## What you have to do
The result should be the listing below, restated exactly, with its pictures left out.

## Exercise data
|---|

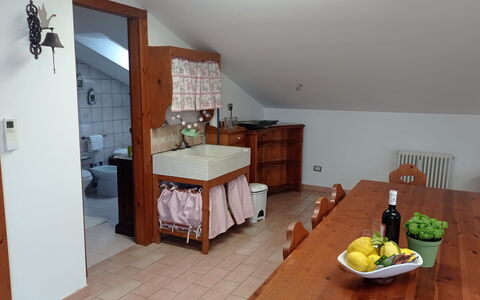 L'attico Di Castelfidardo: Mesa, Gabinetes, Mueble, Edificio, Comida, Vajilla, Cajón, Madera, Cajonera, Diseño De Interiores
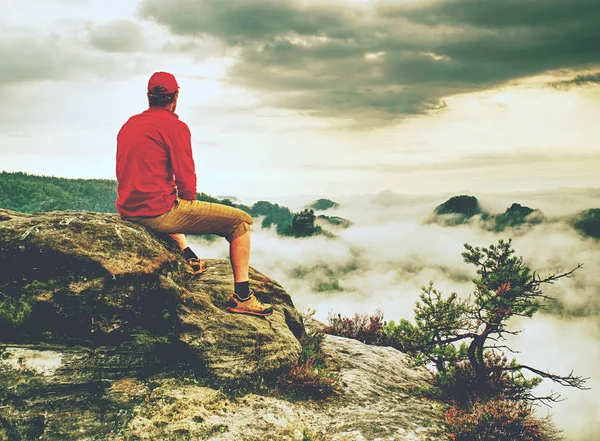 Man Observe Fall Daybreak Peak Rock Empire Dreamy Foggy Landscape — Stock Photo, Image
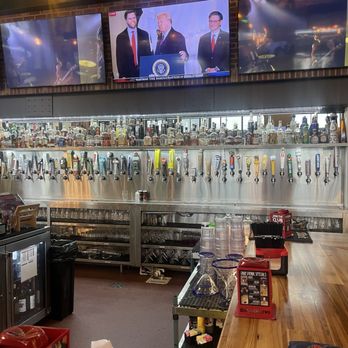 Rock & Brews - San Antonio - Loads of beers on tap for all beer lovers - Beer Bar Near Me - San Antonio, Texas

|---|

## Task output
 L'attico Di Castelfidardo: Mesa, Gabinetes, Mueble, Edificio, Comida, Vajilla, Cajón, Madera, Cajonera, Diseño De Interiores
 Man Observe Fall Daybreak Peak Rock Empire Dreamy Foggy Landscape — Stock Photo, Image
 Rock & Brews - San Antonio - Loads of beers on tap for all beer lovers - Beer Bar Near Me - San Antonio, Texas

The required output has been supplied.